戰國初年,從晉國分裂出去的魏國,是天下無可爭議的絕對霸主。
在魏國第一任君主魏文侯時代,一場史無前例的法家變革率先在魏國轟轟烈烈的展開,李悝變法,吳起強兵,還有西河學派源源不斷的為之提供軍政人才,當時的魏國,領導三晉,力壓秦楚,簡直打遍天下無敵手,可惜,隨着文侯、李悝的相繼離世以及吳起的出走,大魏國一日不如一日,一路走下坡,到得魏武侯時期,只能靠着老爹積攢下的老底子硬撐場面,名為霸主,實則百弊叢生,再也沒了從前一呼百應的氣勢。
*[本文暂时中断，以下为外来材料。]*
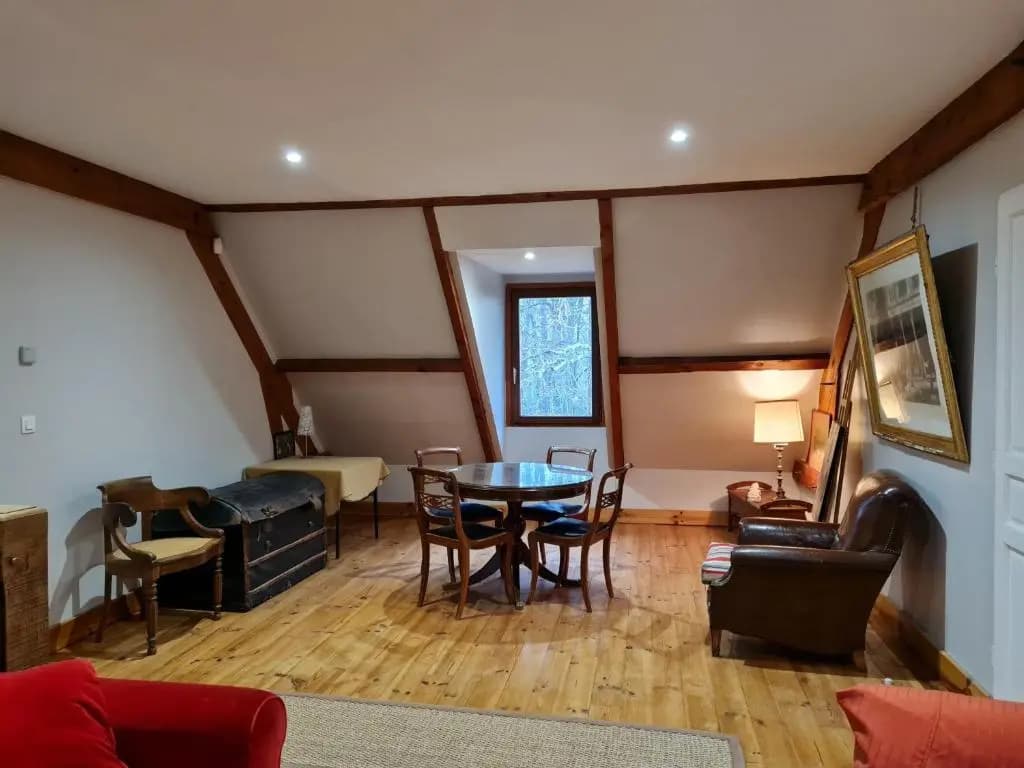 Gîte Ardon, 5 pièces, 8 personnes - FR-1-590-1 - Photo 4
魏武侯六年(公元前381年),由於在魏趙韓聯合伐楚伐齊的戰爭中分贓不均,三晉聯盟破裂,趙韓二國再不唯魏國馬首是瞻。
魏武侯十六年(公元前371年),魏武侯去世,卻沒有立太子,公子罃與公子緩為爭權打的不可開交,各據魏國東西兩部分國土互較長短,韓趙二國趁機攻入魏國,干涉魏國內政,若非後來韓趙二國的國君因意見不合而退兵,魏國就算不分裂,肯定也少不了割地賠款。不管怎麼説,經此大亂後,魏國元氣大傷,一下子從三晉盟主的寶座上跌落下來,好生的灰頭土臉。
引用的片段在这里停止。